* Entries provided *
————

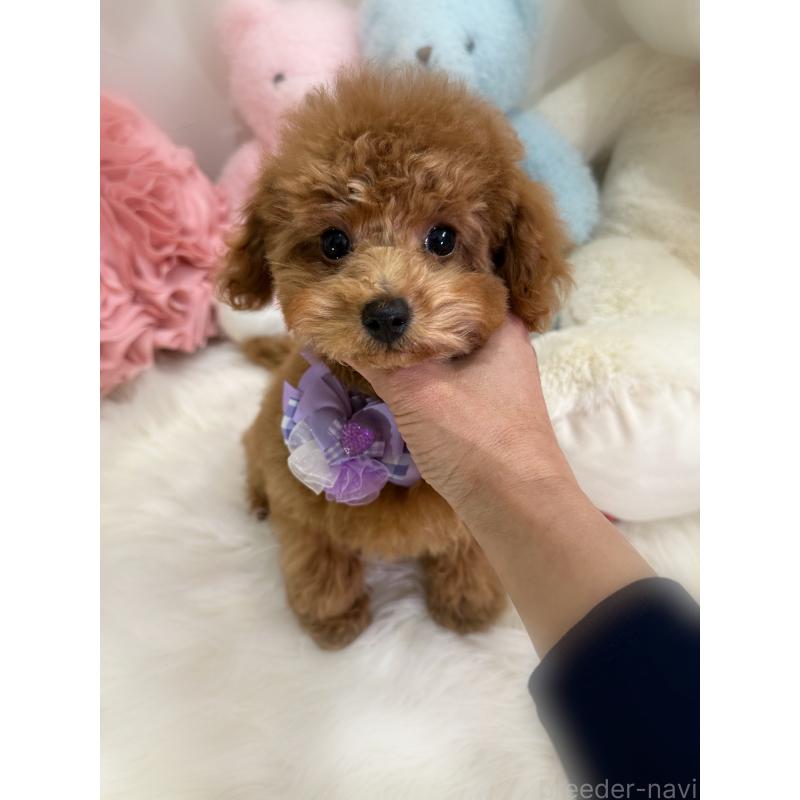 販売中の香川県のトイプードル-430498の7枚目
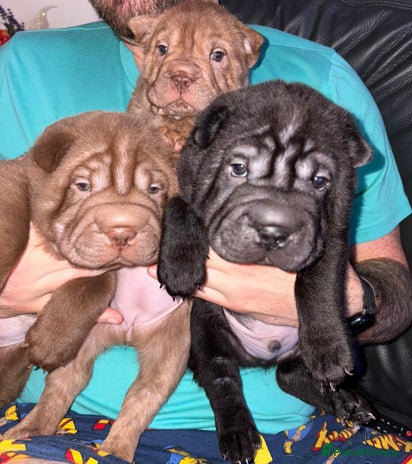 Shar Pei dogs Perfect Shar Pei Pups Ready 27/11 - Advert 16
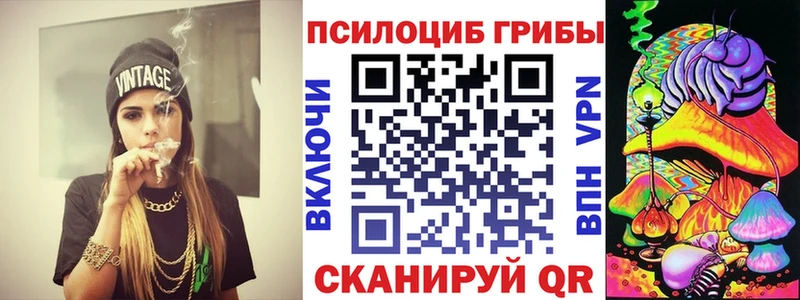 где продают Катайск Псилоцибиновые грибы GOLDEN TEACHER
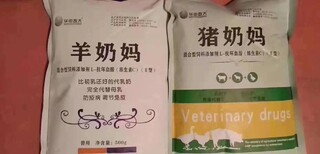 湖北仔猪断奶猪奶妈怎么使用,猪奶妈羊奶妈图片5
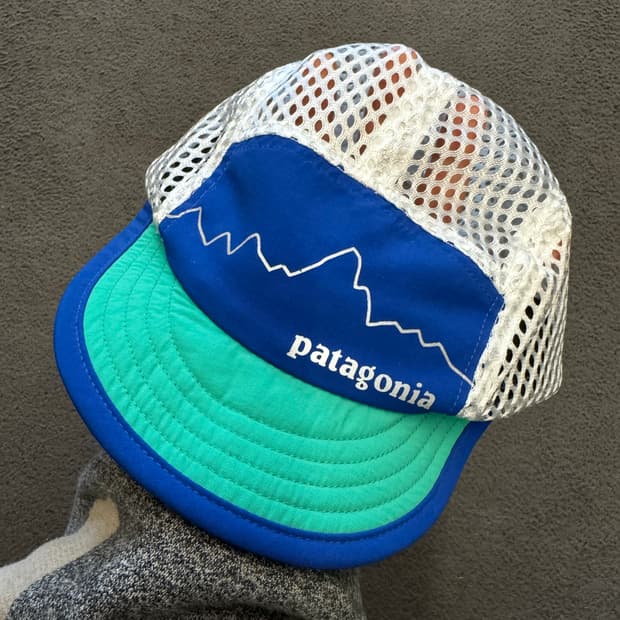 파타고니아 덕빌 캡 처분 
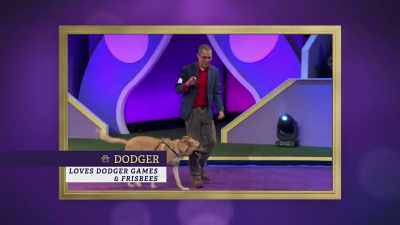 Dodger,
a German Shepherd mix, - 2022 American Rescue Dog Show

————

* Task instructions *
Beginning with the line that contains "где продают Катайск", output every line down to the last line of the entries above exactly as written, apart from the pictures.

* Solution to this problem *
 где продают Катайск Псилоцибиновые грибы GOLDEN TEACHER
 湖北仔猪断奶猪奶妈怎么使用,猪奶妈羊奶妈图片5
 파타고니아 덕빌 캡 처분 
 Dodger,
a German Shepherd mix, - 2022 American Rescue Dog Show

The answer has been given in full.